Prawda
Prawda to nowy kryminał Igora Brejdyganta, autora znanego z powieści, które znakomicie same w sobie tworzą gotowe scenariusze filmowe. Jego książki intrygują już niemal tytułem czy też okładką. Poznałam kilka jego powieści, więc bez większego namysłu sięgnęłam po kolejną jego książkę. Nie zawiodłam się. Nie dość, że lektura jest przyjemna, to intrygująca fabuła wciąga już od samego początku. Misternie utkana sieć kłamstw, manipulacji i tajemnic powoli odsłania kolejne sekrety i w końcu poznajemy rozwiązanie. Przerażające jest to, jak szybko nowoczesna technologia, tak przydatna w wielu przypadkach, może zniszczyć komuś życie. I to dosłownie.

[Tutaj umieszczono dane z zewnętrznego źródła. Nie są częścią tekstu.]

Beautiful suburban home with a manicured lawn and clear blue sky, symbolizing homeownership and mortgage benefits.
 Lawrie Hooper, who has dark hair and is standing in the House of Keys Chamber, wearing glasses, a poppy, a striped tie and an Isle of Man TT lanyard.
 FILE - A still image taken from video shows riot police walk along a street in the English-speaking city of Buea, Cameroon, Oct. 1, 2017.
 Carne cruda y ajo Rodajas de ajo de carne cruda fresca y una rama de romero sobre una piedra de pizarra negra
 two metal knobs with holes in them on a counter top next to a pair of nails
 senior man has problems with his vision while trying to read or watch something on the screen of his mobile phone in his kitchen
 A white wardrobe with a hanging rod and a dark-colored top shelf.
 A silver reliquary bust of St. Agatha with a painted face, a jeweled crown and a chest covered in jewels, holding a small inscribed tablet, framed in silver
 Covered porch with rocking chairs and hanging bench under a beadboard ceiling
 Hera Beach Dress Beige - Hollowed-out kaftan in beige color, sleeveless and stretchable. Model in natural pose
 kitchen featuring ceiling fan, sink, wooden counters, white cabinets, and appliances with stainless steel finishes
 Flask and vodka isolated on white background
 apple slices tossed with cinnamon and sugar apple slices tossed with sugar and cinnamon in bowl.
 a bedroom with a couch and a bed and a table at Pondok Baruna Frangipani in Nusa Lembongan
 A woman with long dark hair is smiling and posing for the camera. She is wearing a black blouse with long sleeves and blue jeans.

Całe życie to jeden wielki ciąg skutków ubocznych, może zresztą ono samo też jest takim skutkiem ubocznym czegoś zupełnie innego.
Zbrodnia w apartamentowcu

Akcja powieści Prawda rozpoczyna się w apartamentowcu, gdzie odnaleziono ciało brutalnie zamordowanej młodej kobiety. Już od samego początku wiadomo było, że nie stać by było ofiary na czynsz w tym lokalu, więc pewnie ktoś ją sponsorował. Dowody zebrane przez śledczych w sposób oczywisty wskazują na bogatego kochanka. Być może on jest sprawcą zabójstwa? Sprawę prowadzi twarda policjantka, na dodatek znana z tego, że niemal zawsze doprowadza wszystkie sprawy do rozwiązania. Szefowie żałują tylko, że jest, niestety, kobietą… Tym razem komisarz Paulina Małecka pracuje w duecie z młodą aspirantką Grażyną Witkowską. Początkowo obie nie były zachwycone współpracą, jednak w trakcie śledztwa dotarły się ze sobą i tworzą niezły zespół.
Pomyłka w śledztwie
Po przesłuchaniu sąsiadów, znajomych i rodziny, szybko wytypowano sprawcę. Znalezione dowody i poszlaki wskazały bogatego biznesmena. Nie było najmniejszych wątpliwości.
Czy tak szybkie rozwiązanie sprawy zawsze oznacza jej prawidłowość? Nie zawsze. Tu na pierwszy (i drugi) rzut oka wszystko się zgadzało. Okazało się jednak, że nic nie było takie jak się wydawało. Nie zawsze można zaufać temu, co się widzi i słyszy. Co zatem jest prawdą a co kłamstwem? Jak to sprawdzić?
O to właśnie chodziło z tą cholerną Małecką: była bolesna jak hemoroidy, ale nikt oprócz niej nie rozwikływał tych historii z choćby przybliżoną skutecznością. Czy ona nie mogła być facetem?
Powieść wypełniona pytaniami
Skazany mężczyzna nie miał tak naprawdę nic na swoja obronę, dowody ewidentnie przemawiają przeciw jego niewinności. Gdy po pewnym czasie na jaw wychodzą nowe, nieznane wcześniej okoliczności, Małecka nie odpuszcza. Wie, że dała się podpuścić zbyt dobrym dowodom, więc teraz chce raz jeszcze wszystko dokładnie sprawdzić. Dlaczego szef jej na to nie daje zgody? Kto stoi za tym, żeby prawda nie wyszła na jaw? Czy mimo przeszkód uda się Małeckiej dotrzeć do prawdy? Polecam, warto poznać prawdę.